DOI: 10.1063/1.881155

Joan Lisa Bromberg

In a recent study of early radio, Hugh G. J. Aitken (Amherst College) wrote: “We are inclined to think of invention as an act rather than a process because of the bias built into our patent laws. If property rights in a new discovery are to be secured, it is important to be able to establish priority in time…. This bias, however, should not be allowed to corrupt our historical interpretations…. [Invention is] a process with considerable duration in time, one to which many individuals contribute in a substantial way.” The birth of the laser was such a process.

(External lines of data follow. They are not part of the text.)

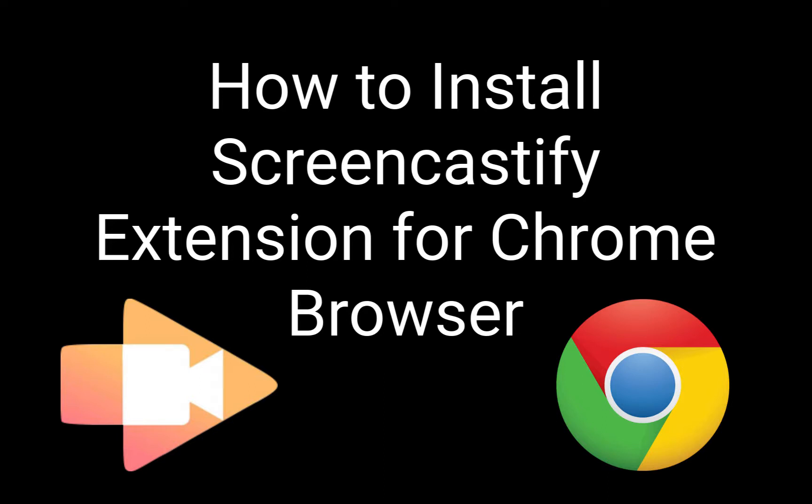Today I'd like to show you how to install the pretty powerful little Chrome extension called Screencastify into your Chrome web browser. Here we go.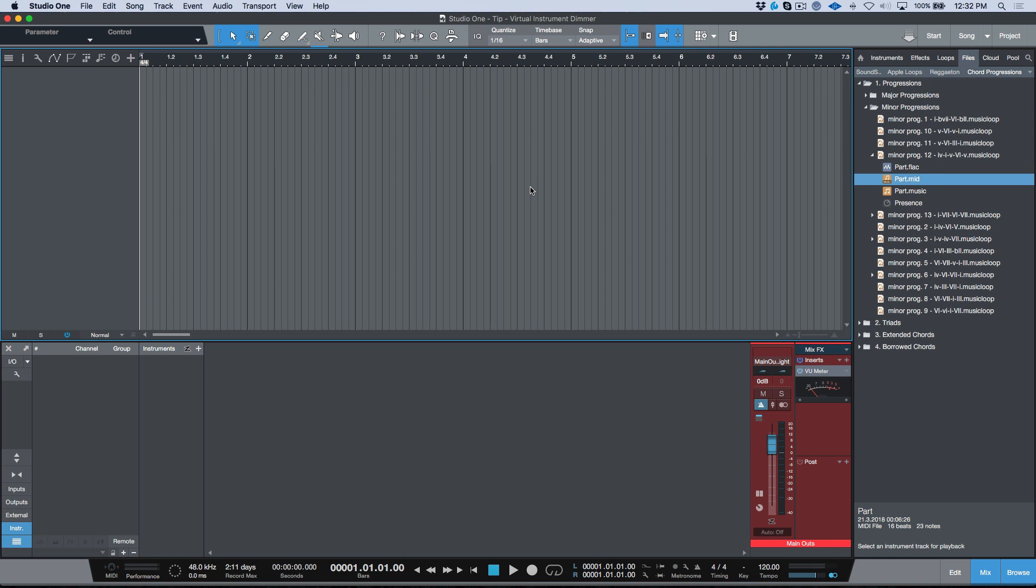Okay, so moving right along, we're working in Studio One version 4 today and I want to take a moment to talk about working with virtual instruments, or more specifically, gain staging when working with virtual instruments.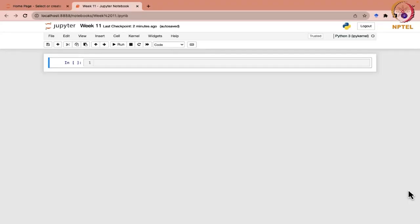We are going to learn about confidence interval estimation. The first case is when sigma is known to us. Let us write the code for that — sigma is known.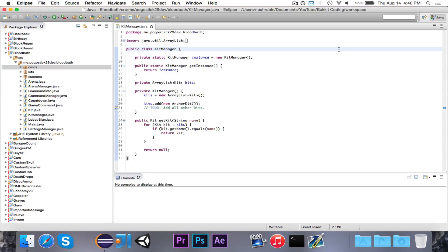Hey guys, Pogo here, and welcome to the next episode of the Survival Games mini-series. In this episode, we're going to work a little bit more on the kit system, and we're going to have the ability that when you join an arena, it will give you a kit selector item. When you right-click with the item, it'll open up an inventory GUI that contains all of the different kits, and when you click on a kit, it will give you that kit and remove the selection item from your inventory.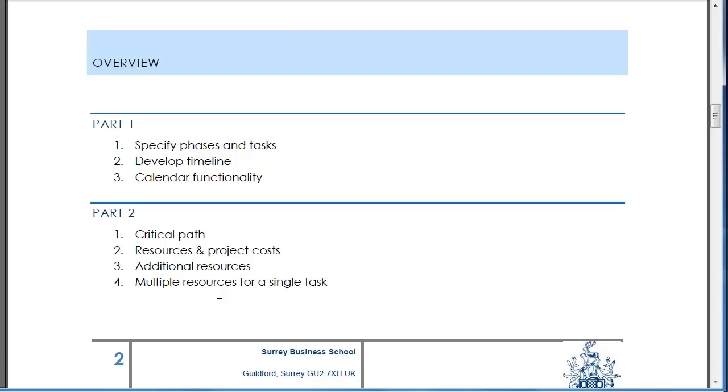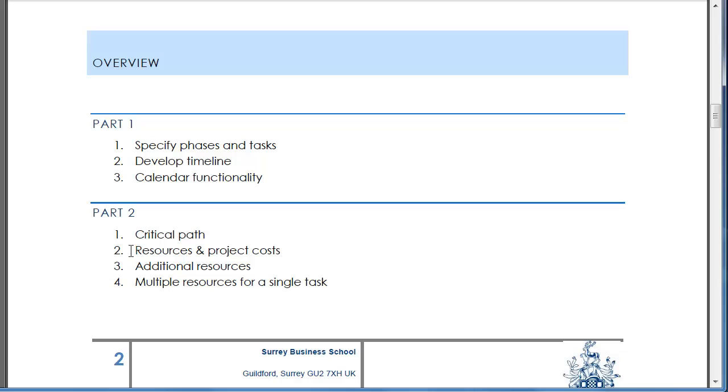We'll also see how the timeline is going to change when we introduce calendar functionality. Then the second part is going to look at what are the critical tasks within the timeline and also assign resources to all the tasks.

In this account, which I confine to events in the United States, I take the duration of the process to be the period between September 1957, when Charles H. Townes of Columbia University first wrote into his notebook his preliminary ideas for “a maser at optical frequencies,” and December 1960, when Ali Javan, William Bennett and Donald Herriott of Bell Telephone Laboratories operated the first continuous laser. The people I include will be those who had initiated substantial laser research programs before July 1960, when Theodore H. Maiman of Hughes Research Laboratories announced his ruby laser. I shall review the work of these scientists and address two questions: First, what drew these people into laser research? Second, why were they able to command the resources needed to pursue it?

References

  1. 1. H. G. J. Aitken, The Continuous Wave: Technology and American Radio, 1900–1932, Princeton U.P., Princeton, N.J. (1985), p. 548.
    See T. S. Kuhn, Science 136, 760 (1962).https://doi.org/SCIEAS

  2. 2. C. H. Townes to R. Shelton, 9 June 1986, C. H. Townes papers.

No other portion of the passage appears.